─── Extracted material ───

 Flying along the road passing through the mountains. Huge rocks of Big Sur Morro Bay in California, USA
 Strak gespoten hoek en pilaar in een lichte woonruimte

───
─── Extracted material ───

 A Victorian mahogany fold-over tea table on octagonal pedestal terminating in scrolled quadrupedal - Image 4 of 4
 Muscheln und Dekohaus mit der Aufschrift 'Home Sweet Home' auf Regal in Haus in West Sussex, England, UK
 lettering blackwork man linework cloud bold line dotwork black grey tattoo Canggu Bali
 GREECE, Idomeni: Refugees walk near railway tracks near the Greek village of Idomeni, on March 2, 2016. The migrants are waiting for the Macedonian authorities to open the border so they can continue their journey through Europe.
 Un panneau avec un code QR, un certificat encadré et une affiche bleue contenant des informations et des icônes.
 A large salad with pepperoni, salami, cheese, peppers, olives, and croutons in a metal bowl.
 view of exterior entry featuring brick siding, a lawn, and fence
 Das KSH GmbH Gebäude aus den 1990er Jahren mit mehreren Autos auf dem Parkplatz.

───

All that is wanted is a faithful reproduction of the line above with "Un panneau avec", the line with "Das KSH GmbH", and every line in between.

 Un panneau avec un code QR, un certificat encadré et une affiche bleue contenant des informations et des icônes.
 A large salad with pepperoni, salami, cheese, peppers, olives, and croutons in a metal bowl.
 view of exterior entry featuring brick siding, a lawn, and fence
 Das KSH GmbH Gebäude aus den 1990er Jahren mit mehreren Autos auf dem Parkplatz.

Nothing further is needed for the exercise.